Piezoelectric Polymers

The novel scaffold the team developed won Arinzeh and her lab workers an award from the New Jersey Research and Development Council for their invention of piezoelectric material, which produces an electrical charge in response to a mechanical force. The group’s repair strategy is to build a piezoelectric scaffold with neural cells to try to regenerate nerve tissue in spinal cord injuries.

“Axons—the nerve fibers that transmit messages—can potentially travel long distances if given the right cues to regrow. We knew that an electrical charge could direct this growth," Arinzeh said, adding, "Some tissues in the body are naturally piezoelectric. What we did was to create a fibrous material that is similar, but with a higher charge to stimulate growth."

The Department of Defense, which seeks research into remedies for traumatic battle injuries, learned of the scaffolds. Arinzeh understood and shared the department’s concern. “There is no effective treatment for severe spinal cord injuries, and soldiers can remain completely paralyzed for the rest of their lives,” she noted.

With funding from the agency, the technology is being tested at several locations. One is the University of Miami Miller School of Medicine, where Arinzeh is working with Mary Bunge, Ph.D., a neuroscientist, and her former student.

They are injecting Schwann cells from the peripheral nervous system, which produces the myelin sheath around nerve axons, in combination with the piezoelectric scaffold.

Other testing is examining the efficacy of injecting Schwann cells from the peripheral nervous system, which produce the myelin sheath around nerve axons, in combination with the piezoelectric scaffold, for spinal cord repair. Their hope is that the Schwann cells’ job will be to restore existing cells by stimulating them to extend their axons.

Human Trials Bridge a 5mm Gap

The Miami Project is currently in phase I clinical trials with humans as well. They are testing the use of Schwann cells for spinal cord repair. By combining those cells with piezoelectric scaffolds, "we hope to improve the cells’ survival and their effectiveness when implanted into the spinal cord,” Arinzeh says.

“The nice thing about Schwann cells is that they’re readily accessible from low-risk sites like limbs. I think of them as ‘facilitator cells’ because they provide the signals that prompt axons to grow and reach their targets which are other neurons,” she adds.

In the pre-clinical studies, Arinzeh found that implanted scaffolds with Schwann cells would extend themselves over a 5mm gap in the spinal cord. “The cells survived and were getting good growth—wrapping themselves around the growing axons as the axons extended along the scaffold,” she said

The primary conventional treatment for spinal cord trauma has been to reduce inflammation with drugs.
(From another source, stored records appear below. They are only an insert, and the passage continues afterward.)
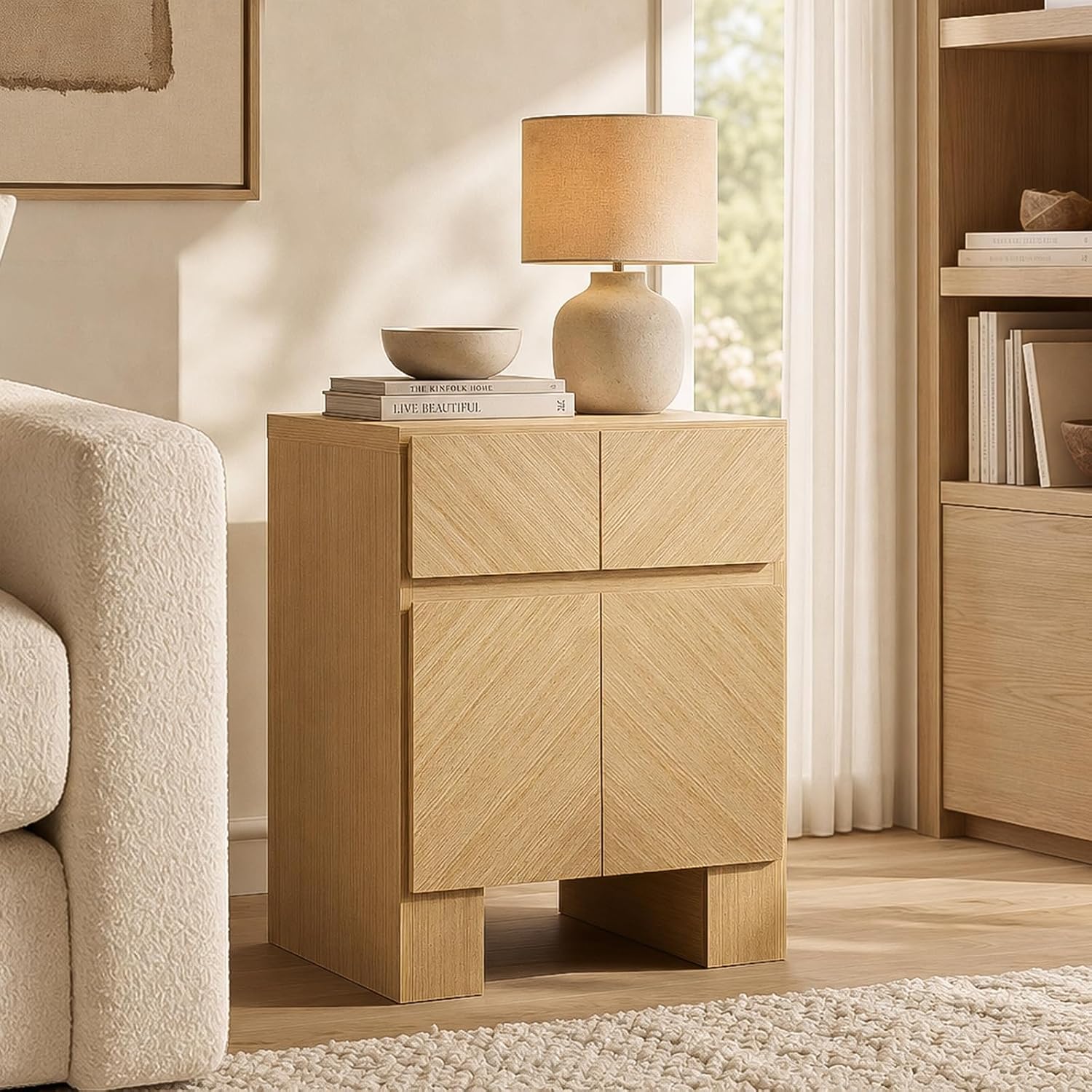 ModernMate 23.5" Tall Modern Nightstand, Wood Bedside Table with Drawer, USB-C Port, Wooden Night Stand End Table for Bedroom, Sofa, Chevron Pattern Design, Stable Legs, Natural Oak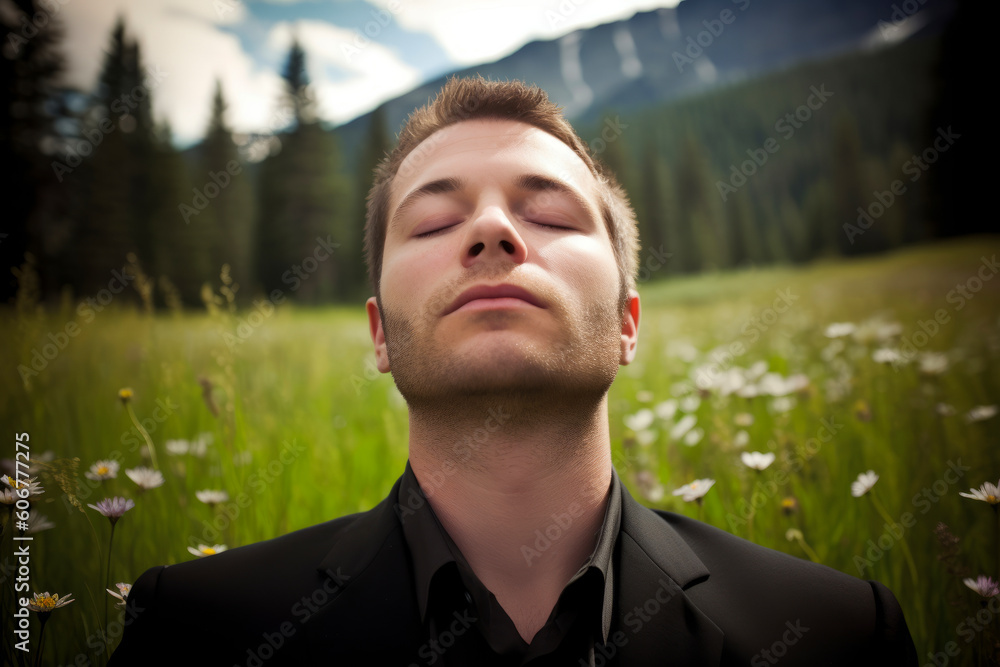 Young caucasian man relaxing in a meadow with flowers. Young caucasian man relaxing in a meadow with flowers.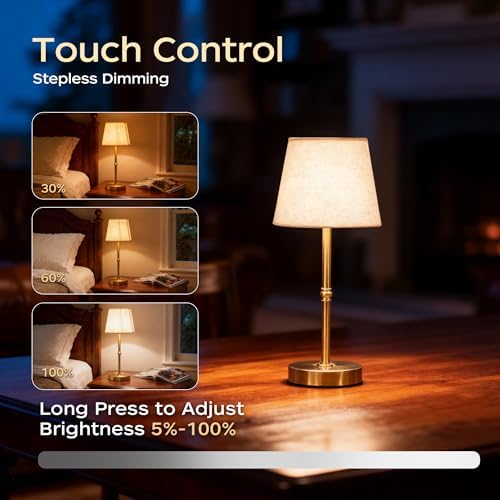 Cordless Rechargeable Table Lamps, 6000mAh, 2 Pcs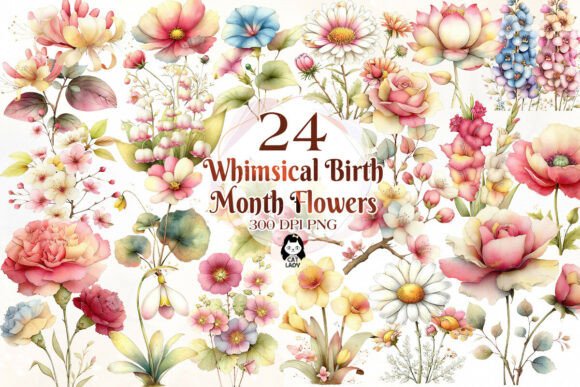 Download Whimsical Birth Month Flowers Clipart - Birth month Collection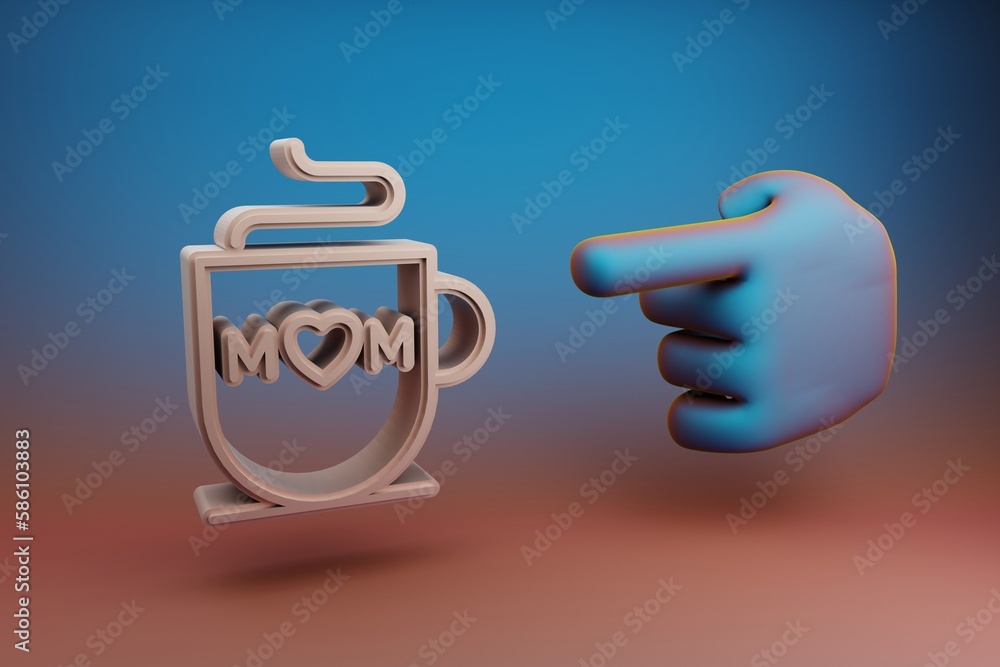 Poster  3d rendering illustration. Background pattern for design. Mothers Day.
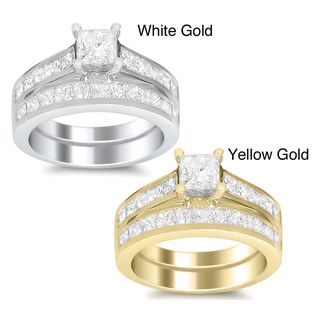 14k Gold 3ct TDW Princess cut Diamond Bridal Ring Set (H I, SI1 SI2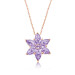 Pb Lilac Lotus Flower Silver Necklace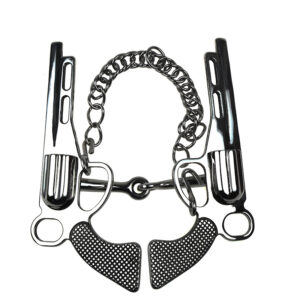 Stainless Steel Pistol Style Horse Bit with Hooks and Curb Chain 125mm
Researchers have also injected cells with growth factors, or growth factors alone, into the spinal cord in the hope of stimulating new growth. So far these have not been successful, Arinzeh says.
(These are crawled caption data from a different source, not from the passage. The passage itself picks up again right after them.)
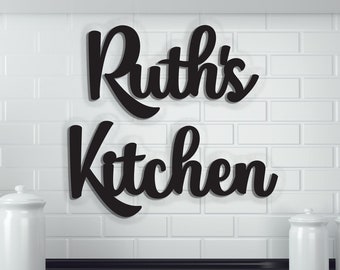 Custom Kitchen Sign. Personalized Kitchen Sign. Wood Word Cutouts. Kitchen Gift, Kitchen Decor Gifts for her, gift for grandma, gift for him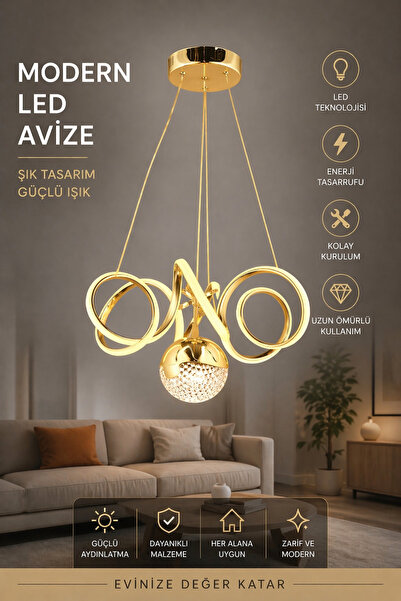 NisaLuce Viento led avize Altın •• Modern Ledli Avize Salon Avizesi Antre Hol...
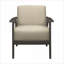 Fauteuil d'appoint en tissu et bois d'hévéa massif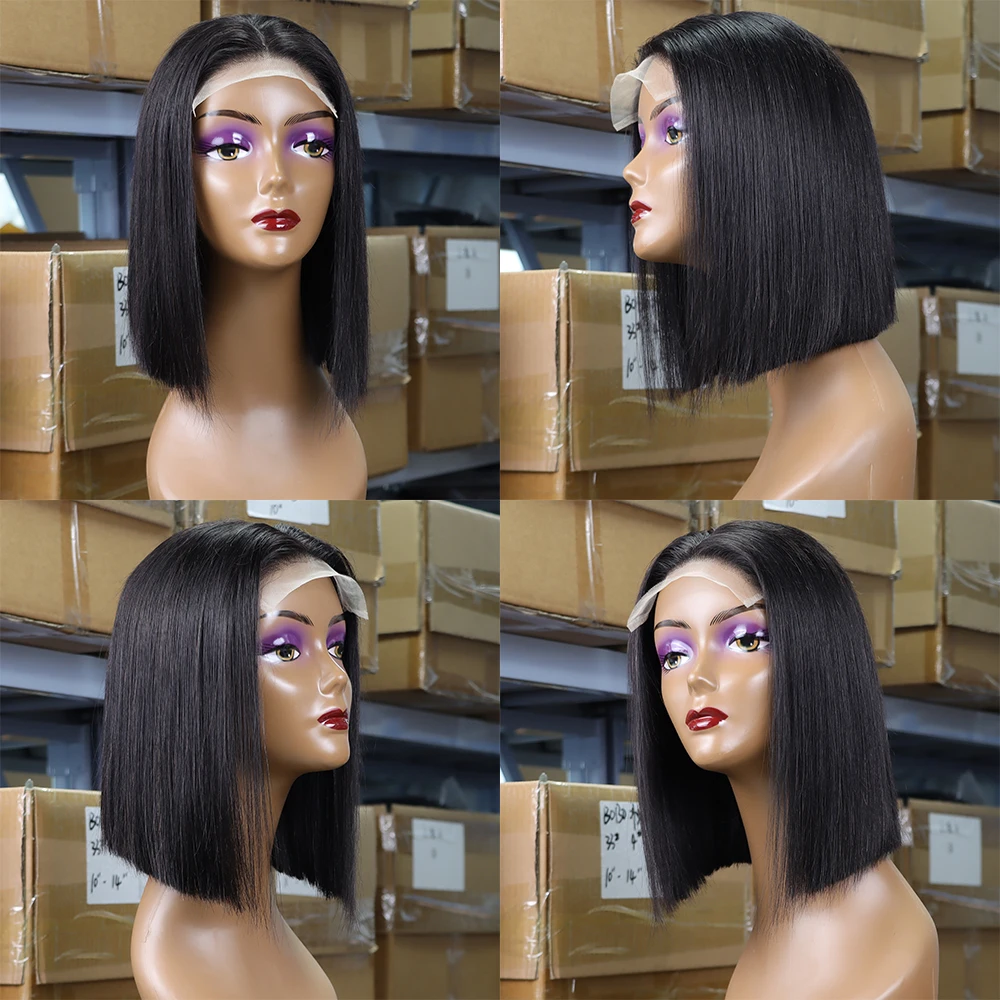 12A Vietnamese Hair Wigs SDD Bone Straight Bob Wigs 10 12 14inch Natural Black 100% Human Hair Wholesale Factory view 6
“No technology has been effective so far, and so we’re taking it a step further, introducing biomaterials with an electrical charge. We’ve known in the biomedical world that electro stimulation can cause nerve cell growth—we’ve seen this with bone and cartilage tissue—so we set about to identify a polymer with piezoelectric properties. We found it in a material used for sutures, which is biocompatible and promotes nerve growth,” she explained. “We’re looking for some recovery of function. If we can show that, it would be a significant leap.”
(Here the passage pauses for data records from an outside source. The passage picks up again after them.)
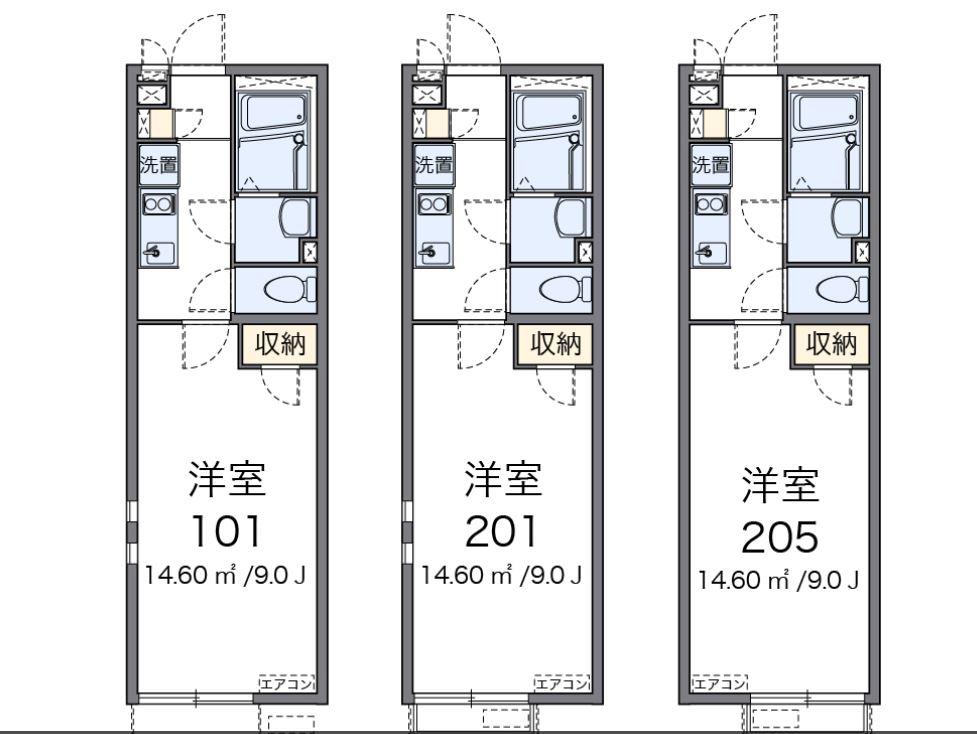 テラスハウス(1K/1階)の間取り写真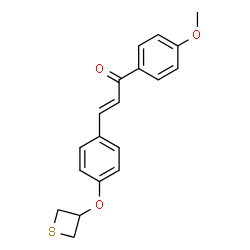 ChemSpider 2D Image | (2E)-1-(4-Methoxyphenyl)-3-[4-(3-thietanyloxy)phenyl]-2-propen-1-one | C19H18O3S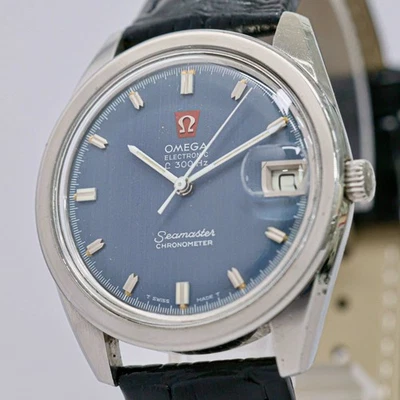 Без тарифов *почти как новый * винтажный 1970 OMEGA Seamaster f300Hz Cal.1250 Qz темно-синий мужской - Изображение 1 из 4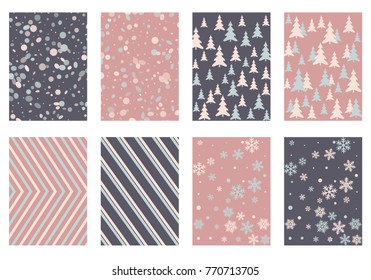 Winter background snow pattern, halftone texture, christmas tree silhouette, confetti explosion. Winter Christmas backgrounds, snow flakes isolated, halftone, circle confetti textures, fir trees cards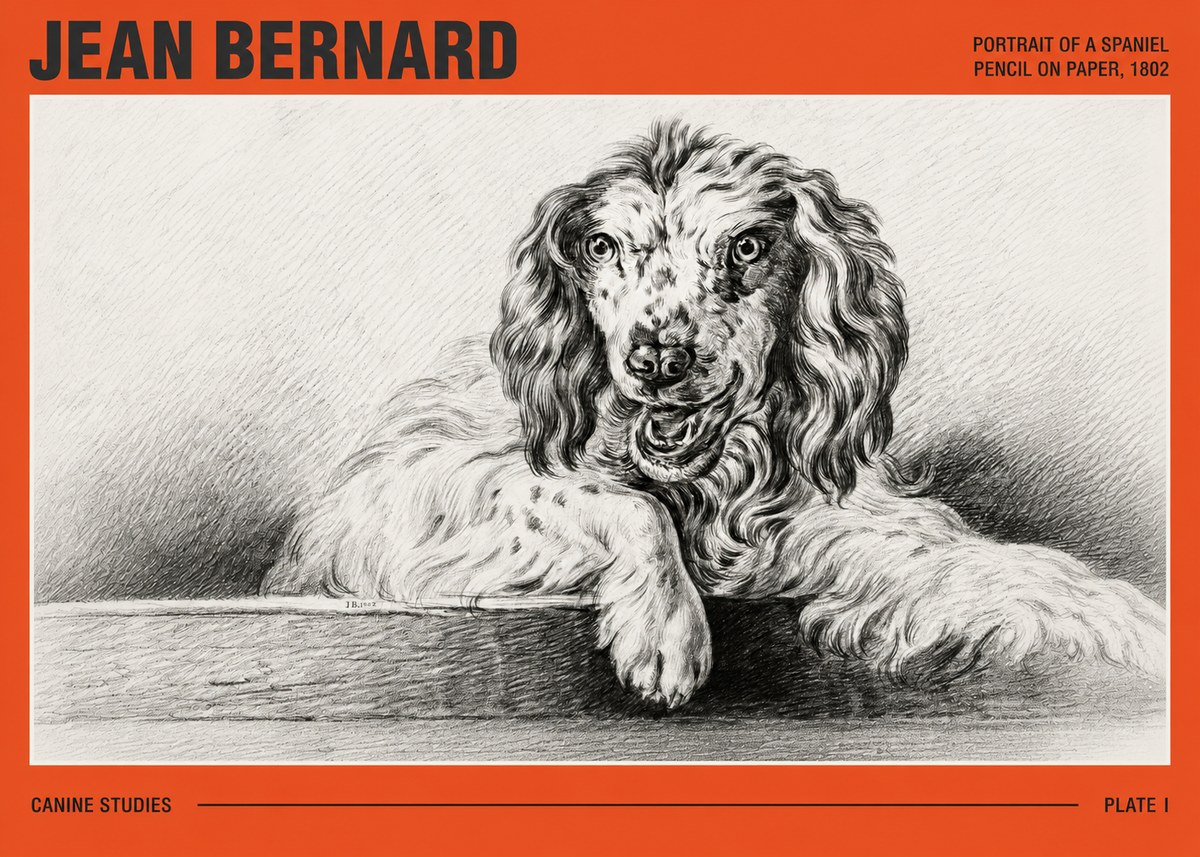 Jean Bernard Portrait of a Spaniel No3 - Plakát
Arinzeh has borrowed techniques from engineering sectors to advance tissue regeneration including for bone and cartilage repair. The polymer fibers that compose the framework of her scaffolds are formed by electrospinning, a technique developed by the textile industry.

Arinzeh remains hopeful “We are relying on the scaffold to stimulate the body’s own cells to regrow tissue, but the biological factors driving the formation of neural tissue in the spinal cord appear to be more complex. To induce nervous tissue to not only regrow across the lesion, but to reconnect with the rest of the spinal cord, may require a combination of scaffolds, cells and growth factors.”